Jordan Wells / TheHoosier.com
Sophomore cornerback A’Shon Riggins’ first start of his Indiana football career included an interception against then-No. 2 Ohio State at Ohio Stadium in Columbus.
Not bad for a true freshman.
To get to that point, though, he had to earn the trust of his position coach, Brandon Shelby. That trust earned him a start opposite redshirt senior Rashard Fant at the other boundary corner position in each of the Hoosiers’ final seven regular season games last year.
Now Riggins is working on maintaining that level of trust in a competitive cornerbacks room this spring.
“I’m understanding football a little bit more,” Riggins said. “With me having to start last year and learn the defense a little faster, now that we’re reinstalling everything it’s easy to me now. Everything’s going pretty smooth.”
In addition to that interception, the Hamilton [Ohio] High School product recorded 37 total tackles and a forced fumble while starting in 8 of the 12 games he played in last season.
To earn the right to have those opportunities as a true freshman, Riggins had to build trust with Shelby. Riggins’ athleticism – he was a two-sport athlete who played both basketball and football at Hamilton – coming out of high school would not be enough.
Earning that trust, according to Shelby, requires adhering to two key rules.
“Do what you say what you’re going to do, and don’t lie to me,” Shelby said. “From there, him learning his assignments. That’s how you play at Ohio State as a true freshman.”
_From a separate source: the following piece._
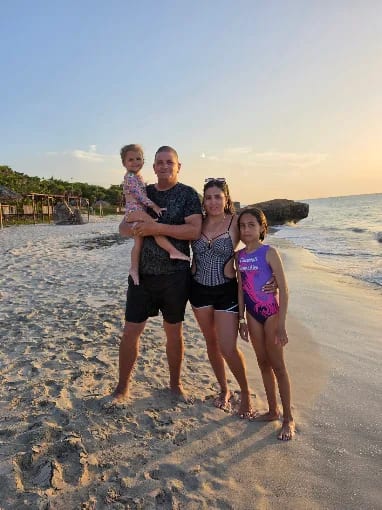 Familia de cuatro personas en la playa al atardecer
Shelby also praised Riggins’ ability to quickly adjust to a new role, one that came out of necessity.
Now, the key is to build off that, according to Shelby. But doing so won’t be easy.
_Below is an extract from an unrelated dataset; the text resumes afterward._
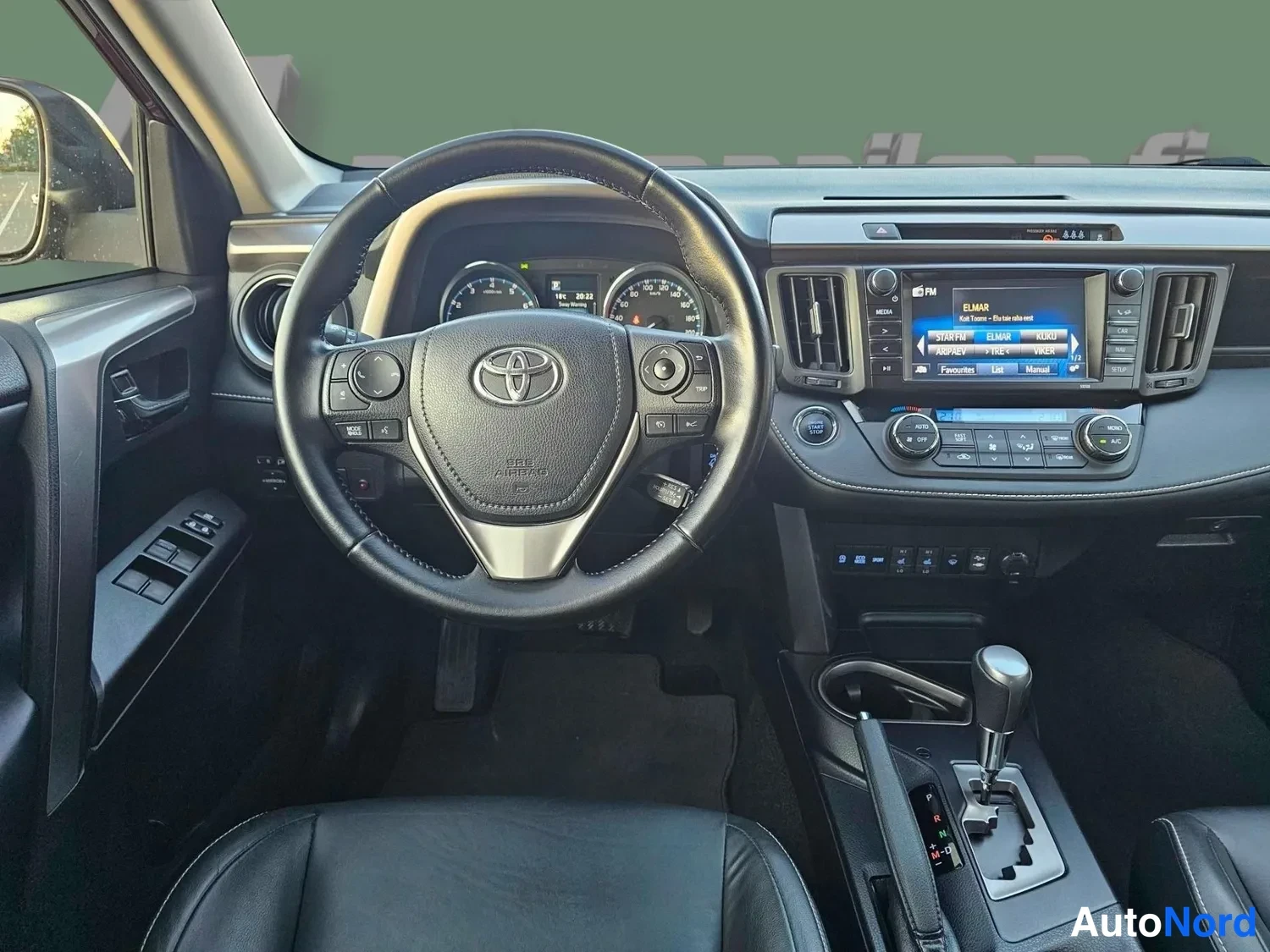 Muu: Kuljettajan näkökulma ohjaamoon: Toyota-ohjauspyörä, mittaristo, keskinäytön radio ja automaattivaihteen valitsin.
For one, there’s the two rules Shelby has about earning trust. Then there’s his other rule about who gets to play.
“He had some great attributes at the end of the year, but that’s last year,” Shelby said. “My rule is, the best two people are going to play, and if he isn’t one of the best two people, he won’t be starting. Nothing’s promised to you, but he’s earned the right to go into spring as a starter.”
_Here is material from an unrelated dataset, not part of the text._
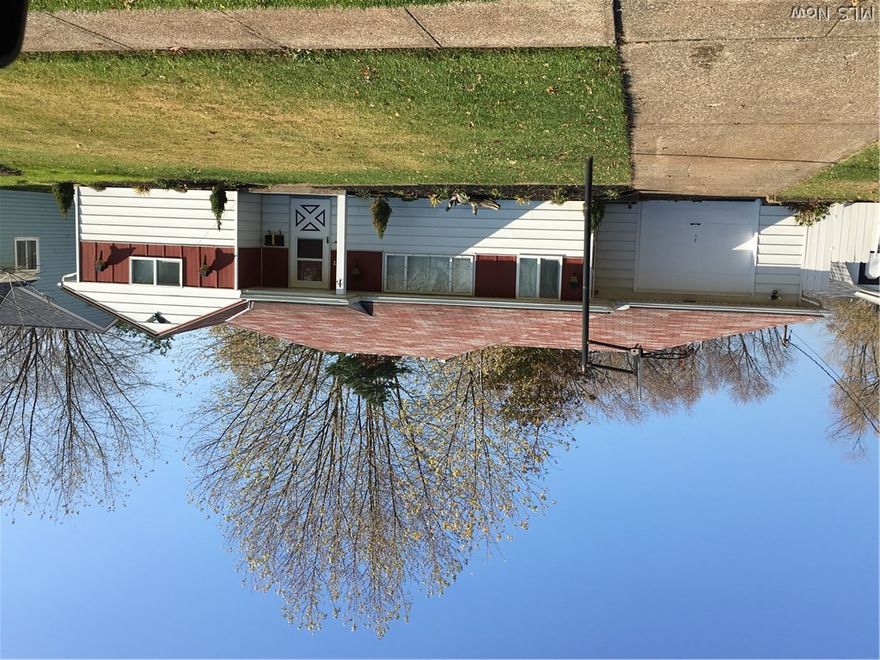 Clean and ready for owners!  Fresh paint, new carpet and kitchen vinyl.  All appliances including washer and dryer stay with home.  Garage converted into a family room with front 7 feet of garage used as storage space.  Covered patio and large shed in back yard.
Seattle Seahawks quarterback Russell Wilson once said “separation is in the preparation,” and it is through preparation that Riggins appears to be trying to set himself apart and keep that starting job.
In working with Shelby this spring, the two have prioritized widening the scope of Riggins’ knowledge of the defense.
“It’s just breaking down film a little bit more in meetings than we did last year,” Riggins said. “Understanding the scheme, understanding why we’re doing things on defense. Instead of the way just the corners work, the way maybe the safeties and the huskies work and some of the linebackers, stuff that helps with the secondary too as well. So instead of simplifying it down to the just the corner position, we’re starting to stretch our minds and understand the whole thing.”
Earning the trust of his position coach and the rest of his coaching staff came quickly and afforded him the opportunity to fill in for an injured teammate. Ask Riggins, and he’ll say the chance to play as a true freshman was expected going all the way back to his recruitment.
Riggins wanted to go to a school where he could play right away, and recognized IU provided the best opportunity for him to achieve that feat.
That same forward thinking led to the seven starts that followed, as Riggins was “hungry” for more chances.
“I came up to Coach Shelby, and I was like, ‘man, I really want that boundary position,’” Riggins said. “I think from then on, he realized I was really hungry to play on the field.”
If he continues with the same approach to his preparation this spring, there’s sure to be more chances for him to satisfy that appetite.